Vegetables and herbs to plant in October

Do you have time to plant your fall garden? To determent when to plant, take a look a the maturity time and work backward from the frost date.

6–8 Weeks Before First Frost


  • Artichokes
  • Kale

Direct sow:

  • Arugula
  • Beets
  • Cilantro
  • Fava beans
  • Lettuce
  • Mache
  • Radicchio
  • Spinach
  • Radishes
  • Bok Choy
  • Turnips

4–6 Weeks Before First Frost


  • Radicchio

Direct sow:

  • Arugula
  • Buckwheat
  • Cilantro
  • Fava beans
  • Lettuce
  • Radishes (fast growing)
  • Spinach

Around First Frost

Direct sow:

  • Garlic
  • Onions (bunching)
  • Shallots

Gardenize app tips

1. Nothing guarantees a successful late growing season more than healthy mineral rich soil.

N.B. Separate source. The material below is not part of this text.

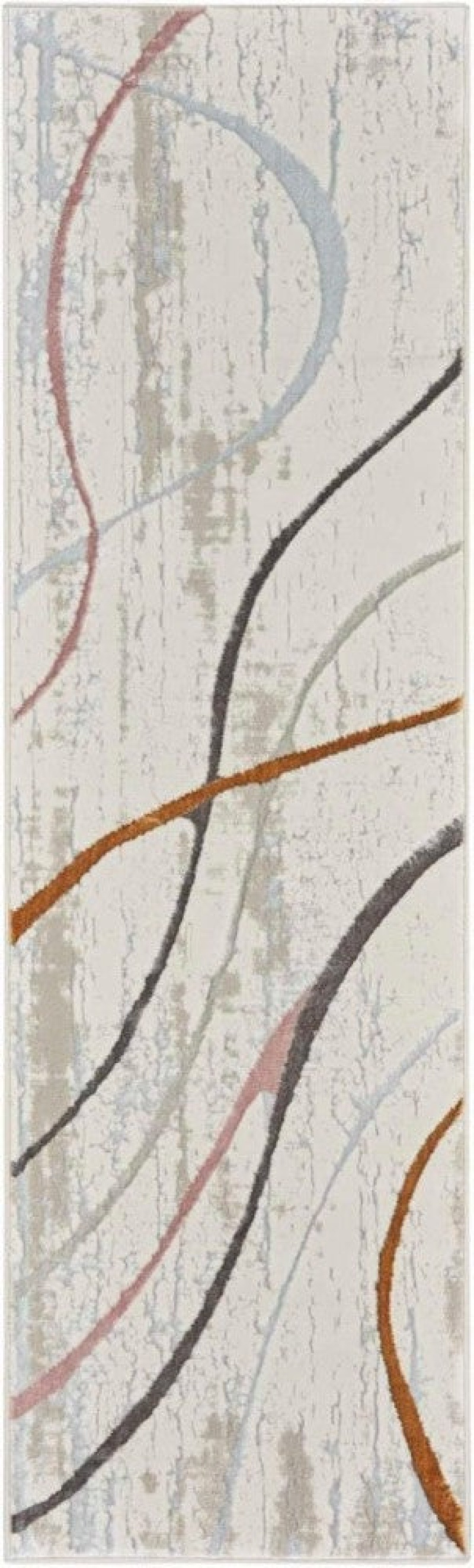 Glitz Ivory Multicolor 8 Ft Runner Rug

By utilizing the “Areas” feature, Gardinze can help by identifying previously harvested plants and guaranteeing the best soil and location for your late season planting.

2. If history has taught us anything, it is the importance of understanding how the rotation of crops can be on growing successes from year to year. Gardenize makes this a snap by tracking previous “Events” and helping to ensure your late season planting successes by knowing when to harvest and how to successfully transition to the new plants. Try it – make and read notes! 

3. The Gardenize “Draw” feature allows the user to personalize and update their garden and late season turn over easily and efficiently. 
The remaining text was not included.